Really heavy rain and some unexpected circumstances led to my getting to see a gigantic field of lotus root plants in Iwakuni. Quite a few of the flowers were blooming, too!
I was driving back from a canceled teacher training event, and since it was on the way, the teacher I was with took me on a little detour on the way back, to see vast fields of lotus flowers (renkon) in Iwakuni. Iwakuni’s famous for renkon, too. Can you tell? haha.
My teacher, who was driving, says that lotus flowers open (bloom) at sunrise, and when they do, they make a “popping” sound. I looked it up for you, because I kind of doubt I’m going to be awake at sunrise staring at a field of unopened lotus flowers waiting for one to “pop,” but I couldn’t find a video of it. There are only rumors… o.O
It was pretty different from the fall.
The reason I said “almost” is that my teacher seemed like he was starting to move the car forward and I hadn’t finished taking the video yet. It was a reflex. I figured I would regret that (haha).
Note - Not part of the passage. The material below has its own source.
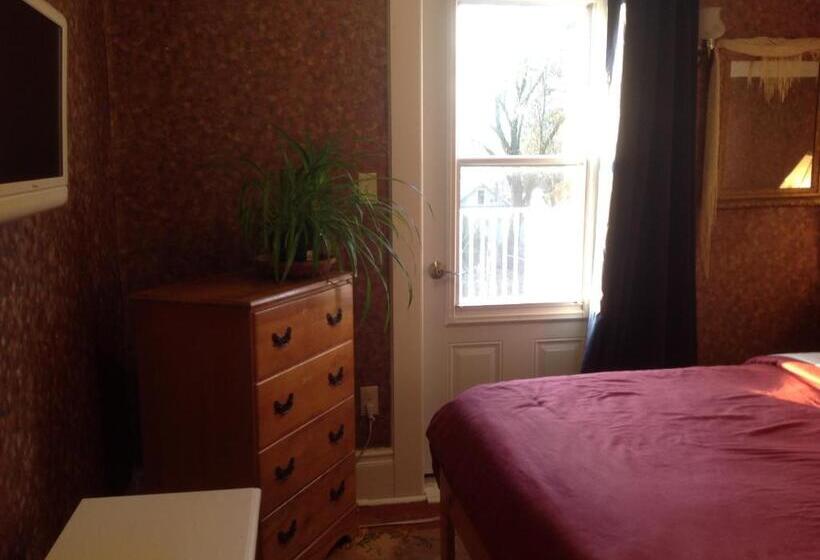 مبيت وإفطار 10th Avenue Guest House & Suites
A quick little bonus insert from Waki:
We have a few smaller lotus fields in Waki, and I stopped at the one I pass a lot to get some close-up pictures today so you could see how cool renkon are! They have big, round, wide leaves that hollow out in the middle, so when it rains, the rain pools inside until the leaf gets too heavy and the rain has to escape over the edge to make room for more. The leaves are big and rubbery, so even when it rains, they don’t get wet on top. Even though it rained a lot today, the renkon fields are probably fine.
The flowers bloom and stick out here and there; before blooming, they’re sometimes light pink on the edges like the one in the back. When the flower falls off, it leaves a flat pod with round circles in the top–you can see a flat stem right behind the unopened flower. From start to finish, lotus fields are fun to watch.